BLAINE GABBERT COULD NOT BE REACHED FOR COMMENT AND LAUGHTER: Has Colin Kaepernick Lost His ‘Halo?’
Mr. Kaepernick balked at requests from Change Co. executives that he sit for an appearance with George Stephanopoulos on “Good Morning America” and declined to participate in interviews as part of the rollout, according to an internal document.
This makes sense. Who would want to do live television interviews after helping to launch such a destructive movement? Mr. Kaepernick began his protests in 2016 while a member of the San Francisco 49ers of the National Football League. In August of that year, Mr. Kaepermick told the NFL: “I am not going to stand up to show pride in a flag for a country that oppresses black people and people of color… There are bodies in the street and people getting paid leave and getting away with murder.”
Mr. Kaepernick became perhaps the country’s most prominent advocate for abolishing police forces. Tragically, politicians who then sought to reduce policing have presided over historic levels of bodies in the street.
In San Francisco where Mr. Kaepernick’s movement became famous and where homicides have been on the rise, even radical politicians are now trying to combat the lawlessness they once enabled.
Speaking of which: How Defund the Police backfired.
So anti-police protests take a toll. In 2014, a white police officer in Ferguson killed an unarmed 18-year-old black teenager, causing demonstrations across the US. Afterwards, the police chief in nearby St Louis noted that, “the criminal element is feeling empowered by the environment.” In 2015, the US Department of Justice asked one of the country’s leading criminologists, Richard Rosenfeld, to investigate whether homicides had risen after the incident. At first, Rosenfeld was sceptical, noting that homicides in St. Louis had started to rise before then. But after looking at the evidence, he changed his mind. “The homicide increase in the nation’s large cities was real and nearly unprecedented,” he wrote in his 2016 report. Rosenfeld had found a 17% rise in homicide in the nation’s largest cities, between 2014 and 2015.
Rosenfeld told me, when I interviewed him, that last year’s Black Lives Matter protests had contributed to the homicide increase. “When people believe the procedures of formal social control are unjust,” noted Rosenfeld, “they are less likely to obey the law.” And BLM protestors fail to recognise that the people who suffer most, when the police can’t do their jobs, are black Americans, who are more likely to be victims of violent crime. They are seven to eight times more likely to be homicide victims than white Americans.
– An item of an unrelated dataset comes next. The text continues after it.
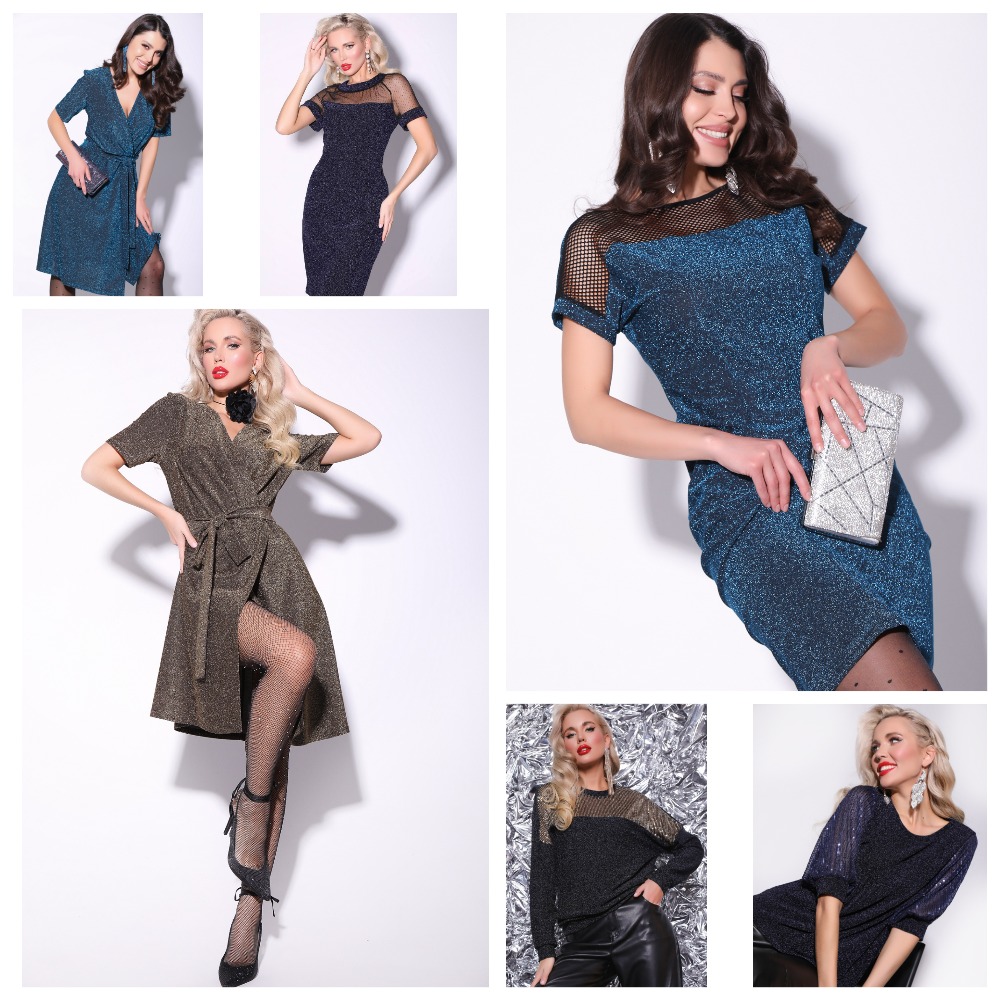   �����������������! ������������� �������� ������� �� �����! ������, �����, ��������, ����! ������ ������� �� ���������! ������� 11 �������!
But progressives have gone one step further, by undermining the idea that police actually have any power to reduce crime. “Law enforcement is not going to prevent the violence,” claimed Philip Atiba Goff, CEO of the Center for Policing Equity, a few weeks ago. In 2020, then–vice presidential candidate Kamala Harris tweeted, “America has confused having safe communities with having more cops on the street. It’s time to change that.”
Researchers find that negative publicity about the police has a powerful impact on police officers. Little wonder, then, that in 2020, at least two dozen police chiefs or senior officers resigned, retired, or took disability leave in America’s 50 biggest cities. 3,700 beat officers left. Today there are fewer police officers per capita in America than at any time since 1992.
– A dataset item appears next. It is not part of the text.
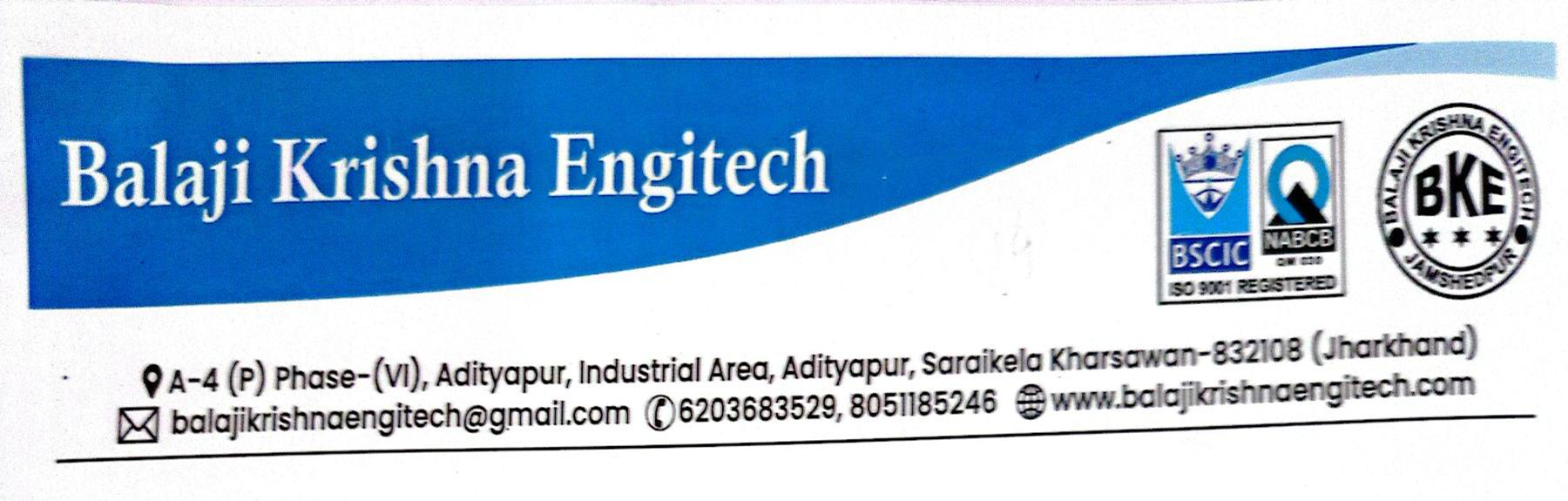 catalog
What liberals ignore is that there is good quantitative evidence that more policing can reduce crime. They argue that the police don’t actually prevent crime, they just punish people after the fact. But in 2009, President Obama’s stimulus package offered a billion dollars in grants to struggling American cities, to fund the police; cities qualifying for the grant increased policing by 3.2% and experienced a 3.5% decline in crime.
And there’s another inconvenient truth that liberals ignore: the evidence suggests that fewer cops may mean more police misconduct, because the remaining officers must work longer and more stressful hours. Working a 13-hour, rather than 10-hour, shift means cops are far more likely to experience public complaints against them, while back-to-back shifts quadruple the likelihood.
Still, progressives are busy gaslighting the public about their efforts to defund the police. A progressive columnist for the San Francisco Chronicle recently wrote, “while there is continuing debate about what is driving the violent crime increases … we know for a fact that defund had nothing to do with it. Because defund never actually happened.” This is patently untrue. After the Black Lives Matter protests, more than 20 big cities reduced police budgets by at least $870 million. The LAPD’s budget was slashed by $150 million in July, for instance. It’s just that homicides rose so quickly that most cities reversed their defunding budgets. “From New York City to Los Angeles,” noted the Associated Press at the end of last month, “in cities that had some of the largest Black Lives Matter protests … police departments are seeing their finances partially restored in response to rising homicides, an officer exodus, and political pressures.”
Hence the Oceania-style pivot this year, as a form of triage with the midterms looming large:
● Frisco mayor: By golly, what this city needs is “aggressive” policing instead of “bull****.”
● Councilwoman wants to offer $50K for officers to work in Oakland.
● Spike of Homicides Causes Oakland Mayor to Reverse Course on Diverting Funds From Police.